In Young Winston by Paul Morris we see a younger Churchill (played by Iain Batchelor) as a soldier only now considering a career in Politics. We see him both in flashbacks to his time in Cuba and as he starts as a politician. But events from his time in Cuba start coming back to haunt him as some rather nasty types seem overly concerned with a replica pearl cigar cutter he carries with him. Things get only slightly weirder when he turns to a famed detective with an interesting reputation called Madam Vastra (Neve McIntosh) The pair both separately wonder if this wouldn’t be a case for a Doctor they know.

What a great story to start the set off with. Younger Churchill gives us a window into the man when he was; whilst still very headstrong and capable, possibly not as experienced and more uncertain of his path. We also get to see a somewhat more vulnerable side as he deals with more personal affairs. It’s still him though. Both Iain & Ian are great and through narration we do get Ian McNeice as you would want, but without him having to try to youth up his voice. In my opinion a wise choice by the producers. Also nice that they took their time to get to the Doctor allowing him to still be the Doctor when he does come into events but allowing our main character and his new friend to take centre stage.

Human Conflict by Iain McLaughlin see’s prime minister Churchill seeing London recovering from the Blitz. He then hears of a weapon that could sway the balance of power in the war, but only if the alliance get their hands on it first. So accompanied by a certain Lt. Fleming, Churchill heads north to go after it. The Doctor however in his 9th incarnation is reeling from a war himself and knows some weapons you will always regret using.

This is a classic example of the right Doctor for the job. The 9th Doctor in this story pops up with a few choice words, but mostly observes Churchill and hopes he will do the right thing. Again this allows Churchill to be the star of the show, but you feel well-served by the Doctors part in proceedings. And having Fleming (Gyuri Sarossy) there living as his creation later would is so entertaining. This is a great “what if” moment for Churchill who already famously made some very tough calls that won the war, but must have cost him personally.

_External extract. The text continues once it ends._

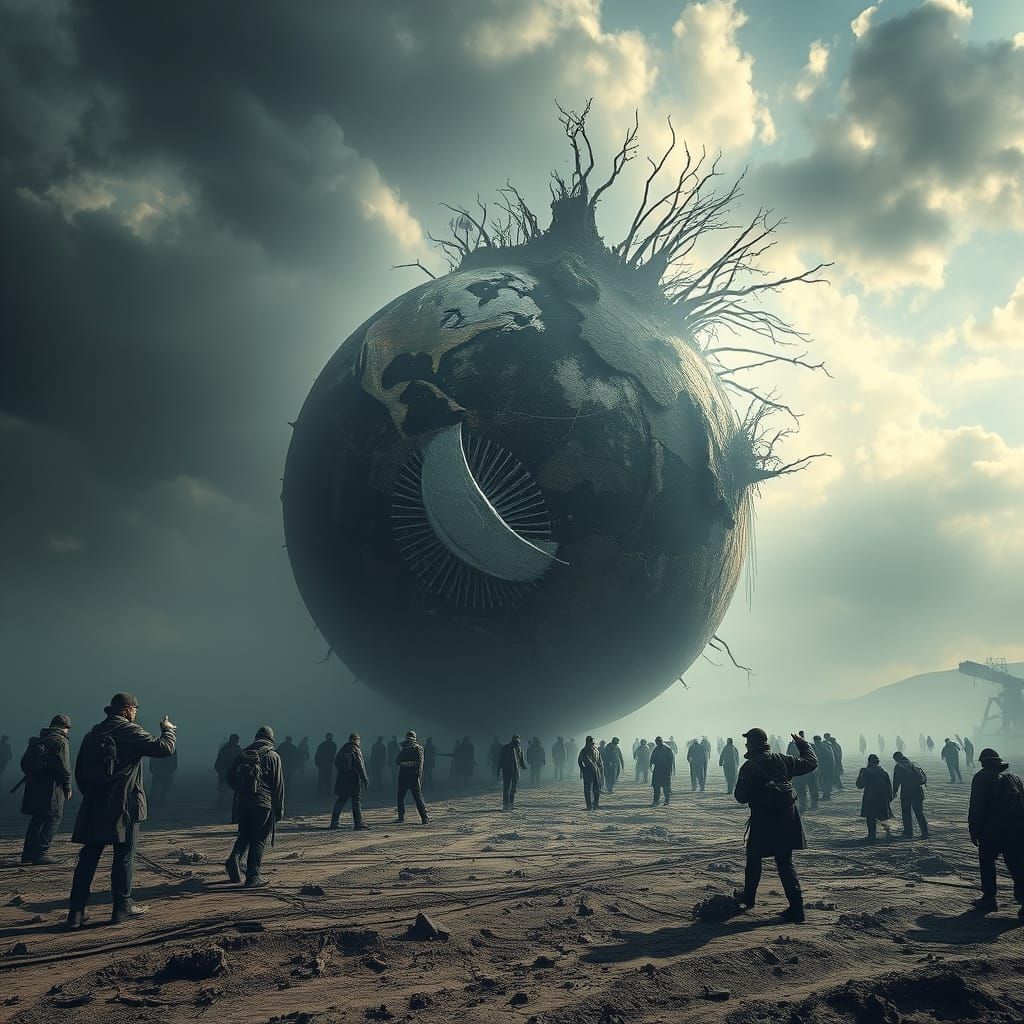 Dying Earth: Dystopian Vision of Environmental Collapse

Our next story is I Was Churchill’s Double by Alan Barnes. It sees our hero at Alexandra Palace. When a mirror starts acting in odd ways, with Churchill’s reflection doing things he is not, he is soon faced with a mirror world where Germany have won the war. But which war did they win? Things soon go from a curios window into this other world to events in the other world effecting ours. Another great character piece for Churchill. When faced with a world so different how will he react? As shown in the extras Churchill was a well read man in many different fields, including parallel universes, so it’s amazing that this man wouldn’t have been as fazed as some by the idea. This is also not your usual parallel world story throughout or in its ending, so makes for a very interesting listen on a well trodden story idea.

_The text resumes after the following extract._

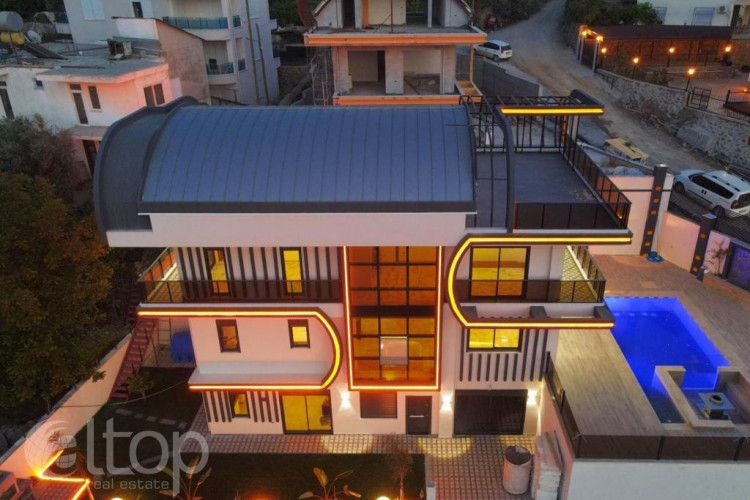 Вилла 5+1 в Алании, Турция | STE-21761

Finally Churchill Victorious by Robert Khan & Tom Salinsky sees Churchill having to face what he does when the war is won. He can’t seem to accept it’s all over. So he decides to go undercover to be among his people as one of them, as the undetectable William Churchyard, bank manager! No one will suspect a thing. But whereas the war really does seem to be over a new menace from another world seems to be at work. So Churchyard and a couple after justice for their wrongly in prisoned son investigate.

I can’t really do this one justice without giving too much away, but it’s delightful. The way McNeice takes such pride as Churchill in giving his back story undercover in a very forced fashion, whilst thinking no one will suspect him is a joy. Churchill comes to realise that it’s possible a nation that needed him so much in war, may not in peace. It goes right from straight up funny to heartfelt, serious and moving very deftly. Seems fitting for the last story in the set.

In Conclusion the first set with Churchill was stellar but this one having set up the style of the sets he’s in can go a bit further and really explore some more facets of the man. The fact that the main character was such a multifaceted man in real life gives the writers, producer David Richardson, director Ken Bentley, Ian McNeice and the whole cast so much to work with and none of them drop the ball in the delivery. As I said in opening this review McNiece only gets better at playing Churchill and in the extras he talks about playing him before, researching the role and how he has watched so many other greats play this historic figure. All of this is evident in his performance of the man. You need this set in your life. It will make you feel proud to be British! 10/10.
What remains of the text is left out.